Shabazz Palaces, Roseland Theater, MFNW 2011, Portland OR

September 18, 2011

Friday night of Musicfest NW. Shabazz Palaces are opening for Seattle’s Macklemore and Lewis. Macklemore’s music is mainstream like Wonder Bread. The result is a disparate mix of show goers. Hipsters. Para-professionals (I think half the mezzanine was formalizing what exactly the perfect tweet was for this show), clued in music/hip-hop lovers, and ubiquitous suburban tweens.

Shabazz Palaces’ 2011 release, Black Up, is an amazing work. Summarzied by the line in “free press and curl”

Catchy? Yes. But trendy? No.

The style is not verse-chorus-verse and the beats and lyrics are a weaving path inside the same song where the start and end may or may not be linear. The whole thing is a head trip in the best possible way.

Stage setup is a table with a laptop and some congas. Low frequency sound and the Roseland’s acoustics aren’t exactly like peanut butter and chocolate but thankfully the venue didn’t churn songs like “An echo from from the hosts that profess infinitum”, “free press and curl”, and “Recollections of the wraith” into a muddled mess. Palaceer Lazaro (aka Ishmael Butler) live sounded great.

No call and response. No corny I say “hey” you say “ho”. No one doing any kind of bullshit hype.

About six songs in, the tweens and bros had reached the end of their tolerance for hip hop that wasn’t pop sampled cock grabbing. Up went the “Macklemore! Macklemore! Macklemore!” chants.

Palaceer Lazaro handled it.
“Hold up. Hold up, now. You know the man is coming out here in just a few minutes, right?”

That shut it down. They closed out with their last song and left the stage.

This show in alot of ways felt like a missed opportunity. Unortunate.
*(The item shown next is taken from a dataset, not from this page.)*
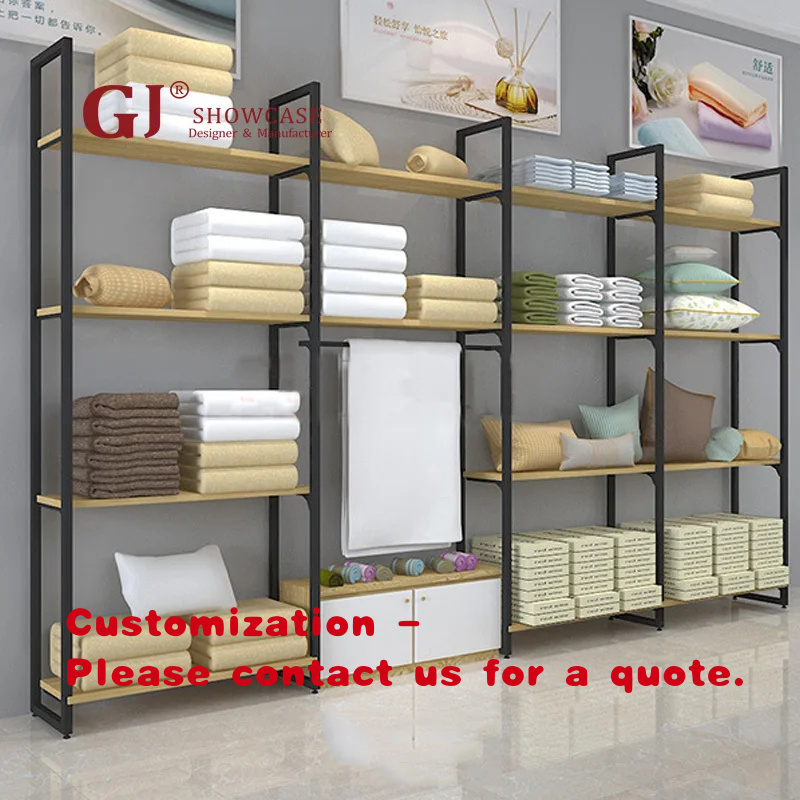 Home Textiles Factory - رفوف عرض المنسوجات المنزلية من المصنع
The music itself is superb. Palaceer Lazaro live sounds fantastic. Tone. Flow. Everything. Congas and a laptop just isn’t going to command an audience raised on video jump cuts and radio diluted hip-hop into listening. Really listening. Just plain truth. Shabazz Palaces are artists and I’m guessing they want the music to stand on it’s own merits. That is completely understandable. Without some kind of flash in the show? Converting the uninitiated mainstream seems like a difficult task. Totally wish them godspeed with the approach, though. Takes guts.

In this era with everyone moving from track to track so fast, this music getting lost in the shuffle would be a damn shame.